Getting Started in Research
Don’t rush to find a research position! Give yourself some time to be successful academically before committing to a lab. You do not need previous research experience to get started in a lab. Plan a semester ahead and arrange your schedule so that you have 2-4 hour blocks of time free to spend in the lab at least 2 days per week. Give yourself plenty of time to network in advance of when you would like to begin research. Talk with your professors, TAs, and student advisors to discover your passion in the life sciences. Use the OUB searchable Research Faculty Database to identify labs of interest and visit the OUB Events page to learn about programs supporting research including an annual fall information session hosted by the Biology Student Advisors on getting started in research. Additional helpful resources are the Cornell Undergraduate Research Board (CURB) and the Office of Undergraduate Research.

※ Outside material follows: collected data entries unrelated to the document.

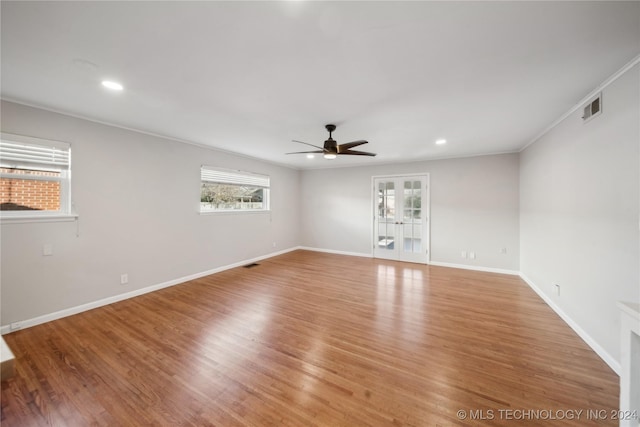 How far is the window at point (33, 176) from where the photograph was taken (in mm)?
2553

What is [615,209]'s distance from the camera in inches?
78.2

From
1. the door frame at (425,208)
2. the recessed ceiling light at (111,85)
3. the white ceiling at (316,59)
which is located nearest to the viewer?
the white ceiling at (316,59)

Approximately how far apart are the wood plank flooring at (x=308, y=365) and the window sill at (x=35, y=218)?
122cm

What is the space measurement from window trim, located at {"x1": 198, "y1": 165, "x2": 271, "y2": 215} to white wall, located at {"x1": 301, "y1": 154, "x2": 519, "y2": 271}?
5.34ft

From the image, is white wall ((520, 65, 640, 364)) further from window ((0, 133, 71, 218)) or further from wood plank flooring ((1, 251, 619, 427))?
window ((0, 133, 71, 218))

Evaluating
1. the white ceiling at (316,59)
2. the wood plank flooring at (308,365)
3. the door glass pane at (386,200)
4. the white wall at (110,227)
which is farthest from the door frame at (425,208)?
the white wall at (110,227)

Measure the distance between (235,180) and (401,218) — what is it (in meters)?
4.08

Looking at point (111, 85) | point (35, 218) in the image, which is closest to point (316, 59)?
point (111, 85)

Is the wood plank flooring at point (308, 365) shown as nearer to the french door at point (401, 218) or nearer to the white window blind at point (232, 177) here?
the french door at point (401, 218)

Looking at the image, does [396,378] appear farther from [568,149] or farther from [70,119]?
[70,119]

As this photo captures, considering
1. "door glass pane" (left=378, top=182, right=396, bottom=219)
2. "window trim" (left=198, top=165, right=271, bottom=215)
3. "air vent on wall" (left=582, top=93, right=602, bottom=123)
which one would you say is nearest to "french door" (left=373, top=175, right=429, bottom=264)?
"door glass pane" (left=378, top=182, right=396, bottom=219)

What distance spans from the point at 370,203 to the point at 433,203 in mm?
1508

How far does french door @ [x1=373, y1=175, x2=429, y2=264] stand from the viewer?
5574 millimetres

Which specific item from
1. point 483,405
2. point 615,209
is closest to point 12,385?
point 483,405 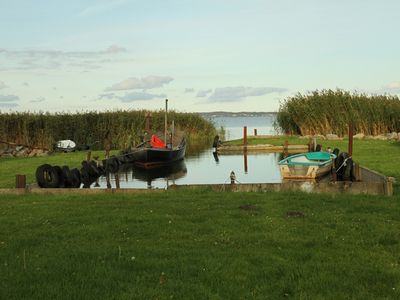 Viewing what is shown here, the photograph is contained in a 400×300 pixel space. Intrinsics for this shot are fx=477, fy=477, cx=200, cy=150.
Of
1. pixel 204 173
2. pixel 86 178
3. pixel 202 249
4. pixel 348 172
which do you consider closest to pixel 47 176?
pixel 86 178

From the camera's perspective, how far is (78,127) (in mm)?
41625

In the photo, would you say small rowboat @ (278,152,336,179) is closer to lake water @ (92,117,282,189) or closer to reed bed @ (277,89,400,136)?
lake water @ (92,117,282,189)

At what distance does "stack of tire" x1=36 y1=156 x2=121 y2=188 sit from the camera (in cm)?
1517

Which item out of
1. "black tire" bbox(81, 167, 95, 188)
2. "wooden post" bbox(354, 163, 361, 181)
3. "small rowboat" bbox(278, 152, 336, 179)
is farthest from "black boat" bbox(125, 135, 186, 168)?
"wooden post" bbox(354, 163, 361, 181)

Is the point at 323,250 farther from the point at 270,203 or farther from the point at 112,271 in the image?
the point at 270,203

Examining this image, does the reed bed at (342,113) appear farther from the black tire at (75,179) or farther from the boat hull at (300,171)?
the black tire at (75,179)

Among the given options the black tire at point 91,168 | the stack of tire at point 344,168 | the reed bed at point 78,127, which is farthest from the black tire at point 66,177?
the reed bed at point 78,127

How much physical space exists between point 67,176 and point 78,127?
1020 inches

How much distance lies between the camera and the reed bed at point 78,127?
Result: 1519 inches

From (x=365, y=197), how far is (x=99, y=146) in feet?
106

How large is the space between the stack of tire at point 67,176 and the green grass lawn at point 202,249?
4354 mm

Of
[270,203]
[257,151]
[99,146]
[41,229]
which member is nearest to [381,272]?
[270,203]

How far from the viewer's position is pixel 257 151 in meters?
34.3

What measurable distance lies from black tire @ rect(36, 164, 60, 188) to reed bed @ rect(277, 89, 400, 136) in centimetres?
2959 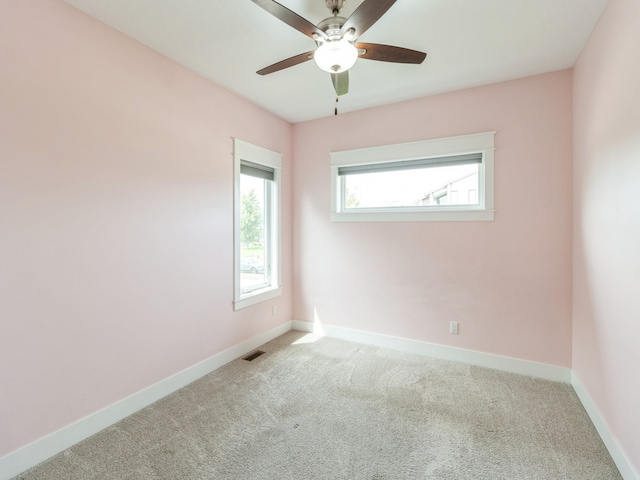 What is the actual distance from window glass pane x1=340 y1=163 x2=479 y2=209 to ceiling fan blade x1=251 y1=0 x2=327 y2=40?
188cm

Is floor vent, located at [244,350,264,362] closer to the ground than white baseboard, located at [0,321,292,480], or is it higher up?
closer to the ground

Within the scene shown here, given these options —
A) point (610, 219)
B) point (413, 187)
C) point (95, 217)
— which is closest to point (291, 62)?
point (95, 217)

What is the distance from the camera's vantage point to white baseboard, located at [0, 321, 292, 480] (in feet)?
5.14

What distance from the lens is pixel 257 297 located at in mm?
3215

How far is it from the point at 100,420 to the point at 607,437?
10.0 ft

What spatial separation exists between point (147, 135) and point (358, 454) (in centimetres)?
250

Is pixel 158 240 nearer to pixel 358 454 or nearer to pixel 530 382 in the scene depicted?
pixel 358 454

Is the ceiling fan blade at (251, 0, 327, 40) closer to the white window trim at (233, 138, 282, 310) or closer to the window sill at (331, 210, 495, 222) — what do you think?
the white window trim at (233, 138, 282, 310)

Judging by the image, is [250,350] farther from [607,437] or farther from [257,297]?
[607,437]

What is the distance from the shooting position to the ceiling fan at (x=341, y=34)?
54.3 inches

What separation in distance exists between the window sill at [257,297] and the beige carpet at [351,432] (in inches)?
23.7

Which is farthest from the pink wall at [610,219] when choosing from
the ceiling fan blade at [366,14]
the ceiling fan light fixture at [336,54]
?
the ceiling fan light fixture at [336,54]

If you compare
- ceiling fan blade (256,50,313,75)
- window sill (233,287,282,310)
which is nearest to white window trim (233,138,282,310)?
window sill (233,287,282,310)

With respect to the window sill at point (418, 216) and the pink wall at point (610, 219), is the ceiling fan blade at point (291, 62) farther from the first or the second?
the window sill at point (418, 216) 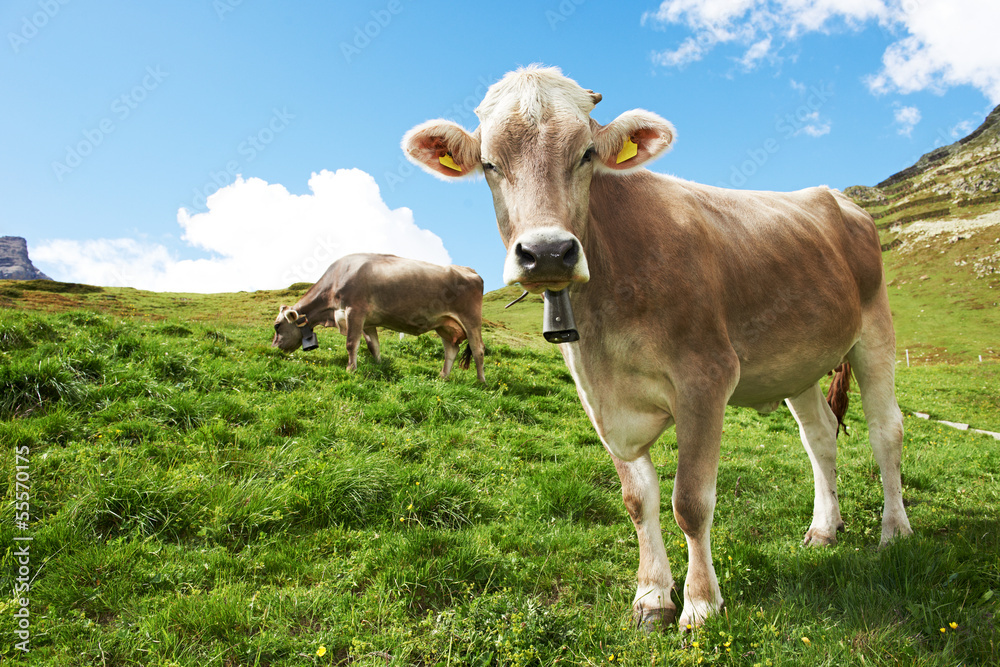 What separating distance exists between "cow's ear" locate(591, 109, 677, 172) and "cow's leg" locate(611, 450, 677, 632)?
197cm

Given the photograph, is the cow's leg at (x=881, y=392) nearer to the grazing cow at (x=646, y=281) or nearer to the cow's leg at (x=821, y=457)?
the cow's leg at (x=821, y=457)

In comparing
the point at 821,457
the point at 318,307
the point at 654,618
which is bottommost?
the point at 654,618

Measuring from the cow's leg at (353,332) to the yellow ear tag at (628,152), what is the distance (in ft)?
25.4

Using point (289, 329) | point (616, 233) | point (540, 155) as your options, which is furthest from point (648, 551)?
point (289, 329)

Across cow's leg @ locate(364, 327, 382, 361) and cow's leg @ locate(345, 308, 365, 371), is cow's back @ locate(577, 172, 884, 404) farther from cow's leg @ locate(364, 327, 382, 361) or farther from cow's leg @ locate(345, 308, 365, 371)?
cow's leg @ locate(364, 327, 382, 361)

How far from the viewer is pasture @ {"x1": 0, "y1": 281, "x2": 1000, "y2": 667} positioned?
2773 mm

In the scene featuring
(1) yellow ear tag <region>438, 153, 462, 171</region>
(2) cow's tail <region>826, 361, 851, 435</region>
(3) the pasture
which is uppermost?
(1) yellow ear tag <region>438, 153, 462, 171</region>

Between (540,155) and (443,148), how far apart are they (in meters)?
0.89

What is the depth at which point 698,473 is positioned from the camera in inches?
118

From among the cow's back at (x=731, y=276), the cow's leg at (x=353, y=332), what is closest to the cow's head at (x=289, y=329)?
the cow's leg at (x=353, y=332)

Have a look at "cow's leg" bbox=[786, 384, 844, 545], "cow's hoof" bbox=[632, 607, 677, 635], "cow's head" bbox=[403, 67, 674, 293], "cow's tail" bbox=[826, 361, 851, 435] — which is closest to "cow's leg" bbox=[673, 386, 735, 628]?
"cow's hoof" bbox=[632, 607, 677, 635]

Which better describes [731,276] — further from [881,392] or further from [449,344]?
[449,344]

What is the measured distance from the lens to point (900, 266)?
96.2 meters

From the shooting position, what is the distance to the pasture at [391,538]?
2773mm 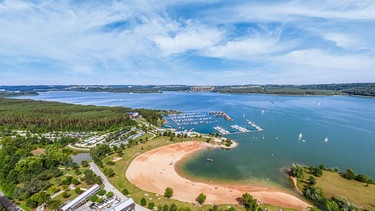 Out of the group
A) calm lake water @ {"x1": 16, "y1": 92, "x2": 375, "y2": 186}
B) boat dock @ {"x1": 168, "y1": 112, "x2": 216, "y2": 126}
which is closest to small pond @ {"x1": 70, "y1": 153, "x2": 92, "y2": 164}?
calm lake water @ {"x1": 16, "y1": 92, "x2": 375, "y2": 186}

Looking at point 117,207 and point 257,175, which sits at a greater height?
point 117,207

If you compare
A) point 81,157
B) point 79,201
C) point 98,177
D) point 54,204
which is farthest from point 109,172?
point 81,157

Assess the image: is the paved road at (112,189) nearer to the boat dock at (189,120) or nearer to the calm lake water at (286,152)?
the calm lake water at (286,152)

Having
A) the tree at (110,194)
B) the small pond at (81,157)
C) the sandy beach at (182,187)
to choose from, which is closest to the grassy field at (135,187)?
the sandy beach at (182,187)

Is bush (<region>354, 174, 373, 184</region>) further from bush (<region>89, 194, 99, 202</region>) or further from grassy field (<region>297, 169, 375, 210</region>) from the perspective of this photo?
bush (<region>89, 194, 99, 202</region>)

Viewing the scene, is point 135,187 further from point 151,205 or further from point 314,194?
point 314,194

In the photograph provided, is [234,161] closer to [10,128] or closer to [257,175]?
[257,175]

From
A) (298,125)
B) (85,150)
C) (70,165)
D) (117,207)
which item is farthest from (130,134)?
(298,125) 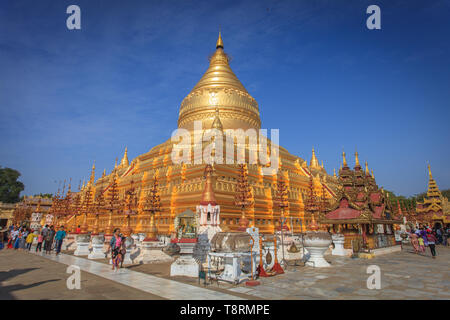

Independent Research for Credit during the Academic Year
Over 500 students each semester earn academic credit for undergraduate research by enrolling in independent research courses. Most students enroll in 2-4 credits of research (3-5 hours per credit). A student’s research mentor can be in any department as long as the research is biological in nature. A faculty member or research associate must supervise the research. Students often work directly with a graduate student, technician, or postdoctoral scientist in the lab.
We do not pre-enroll for BioG 2990 or BioG 4990. You must complete the appropriate form below at the start of the Fall 2017 semester.
BIOG 2990, Introduction to Research: Intended for students new to undergraduate research. Students enrolled in BIOG 2990 may be reading the scientific literature, learning research techniques and assisting with ongoing research. Credit hours are variable (maximum of 3 credits) and grading is S/U only. This course is a prerequisite for BIOG 4990.
BIOG 4990, Independent Research in Biology: Students work more independently on a research project. You do not have to generate your own research topic. More typically, students get involved in the ongoing research of the lab. The prerequisite for BIOG 4990 is the completion of one semester of BIOG 2990 or previous research experience. You will need to prepare a brief research description as part of the BIOG 4990 application. We encourage you to work with your research mentor to draft this in advance of applying.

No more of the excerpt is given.